Dios, en definitiva, es, para el ingeniero del último siglo, una forma de dignidad mental y de modelo moral, así como para la clase aristocrática y la alta burguesía es, más bien, una forma de buena educación. Hasta aquí, pues, una debida introducción a la figura del ingeniero Cyrus Smith, primer personaje, más que protagonista, de La isla misteriosa (v.) de Jules Verne. Veamos cómo nos lo describe el autor: «Cyrus Smith, originario de Mas- sachussets, era un ingeniero y un científico de primera categoría, al que el gobierno de la Unión había confiado, durante la guerra (de Secesión) la dirección de los ferrocarriles, que tan gran importancia estratégica tuvieron.

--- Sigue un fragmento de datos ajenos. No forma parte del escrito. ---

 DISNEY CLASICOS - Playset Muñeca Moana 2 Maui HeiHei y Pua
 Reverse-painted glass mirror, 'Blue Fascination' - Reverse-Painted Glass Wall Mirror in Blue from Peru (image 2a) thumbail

Típico americano del Norte, enjuto, huesudo, desgarbado, de unos cuarenta y cinco años, encanecidos sus cabellos muy cortos así como el bigote, poseía una de aquellas hermosas cabezas «numismáticas» que parecen hechas ex profeso para ser acuñadas en medallas, una mirada ardiente, una boca que expresaba seriedad y la fisonomía de un sabio de la escuela militar. Era uno de esos ingenieros que han querido empezar por el manejo del martillo y el pico, al igual que los generales que han querido principiar como soldados rasos.
Por ello, Cyrus Smith unía a la ingeniosidad de la mente una perfecta habilidad manual. Sus músculos demostraban una notable tonicidad. Verdadero hombre de acción a la vez que de inteligencia, actuaba sin esfuerzo bajo la influencia de una amplia expansión vital y el dominio de la viva perseverancia que desafía a cualquier adversidad. Muy culto, «práctico» y, por decirlo vulgarmente, «despabilado», era un temperamento magnífico, por cuanto sin perder en ninguna circunstancia el dominio de sí mismo poseía en grado sumo las tres condiciones de vigor físico, impetuosidad de deseos y fuerza de voluntad.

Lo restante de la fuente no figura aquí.